Shall I offend my fellow-writers if I repeat it here in this connection?

II

THE FIRES OF MOLOCH

There is a lion in the way; a lion is in the streets.

Every three months with unfailing regularity small paragraphs appear in the daily papers headed “RECORD LOW BIRTH-RATE.” Some figures follow, and then occurs the sentence – unhappily a stereotyped one in our day – “ This is the lowest rate recorded in any quarter since civil registration began.

Now and again a blue-book upon the subject of the birth-rate is dissected by a journalist and the result appears in his newspaper as a series of startling figures. The story of England’s decadence is set out in the plainest language for every one to read.

At rarer intervals still, some prominent clergyman or sociologist writes or lectures in order to call attention to what is going on, and thus to bring home the spiritual and economic dangers of our racial suicide.

A few people read or listen and are convinced. A good many other people are too utterly ignorant of either the Philosophy of Christianity or the Science of Sociology to understand in the least what the point of view of the protesters is. According to their temperament, they smile quietly and dismiss the subject, or bellow their disgust at such a subject being mentioned at all.

“He who far off beholds another dancing,
And all the time
Hears not the music that he dances to,
Thinks him a madman.”

A party which has the fools at its back is always in the majority, and discussion is stifled, alarm is lulled by the anodyne of indifference and the great number of honest folk who call themselves both Patriots and Christians have no time to spare from fighting and squabbling for money – in order that the dishonest men may not get it all.

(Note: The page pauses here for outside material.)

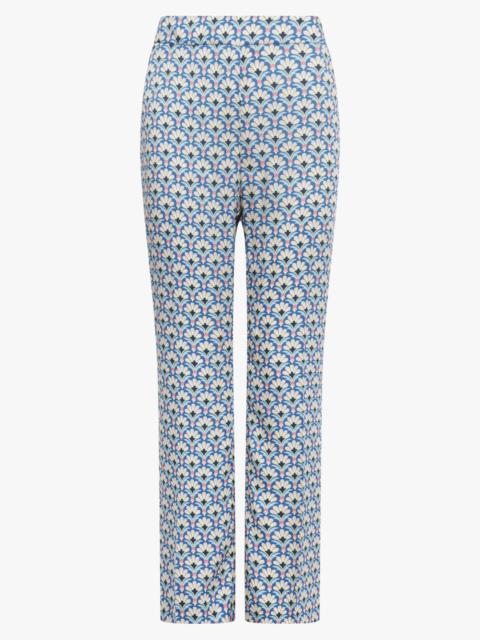 Etro GEOMETRIC FLORAL STRAIGHT LEG PANT | BLUE/MULTI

Half-a-dozen problems of extreme national importance confront every thinking English man and woman in 1907. The air is thick with their stir and movement, and so great is the noise and reverberation of them that true “royalty” of “ inward happiness” seems a thing impossible and past by in these troubled times. Be that as it may, it is quite certain that one of the most real and pressing of these problems is that summed up in the stock phrase “Record Low Birth-rate.”

We hear a great deal about the doings of a class of people who are referred to as “The Smart Set,” and it is actually said that its influence is having a serious effect upon the national character. I do not believe it for a moment. It seems a folly to suppose that a handful of champagne corks floating on a cess-pool has any far-reaching influence upon the English home. I mention that small section of society constituted by the idle and luxurious rich, because, whatever their vices are, they are being used as whipping-boy for enormous numbers of people whose lives are equally guilty with theirs in at least one regard – in the matter of which I am writing now.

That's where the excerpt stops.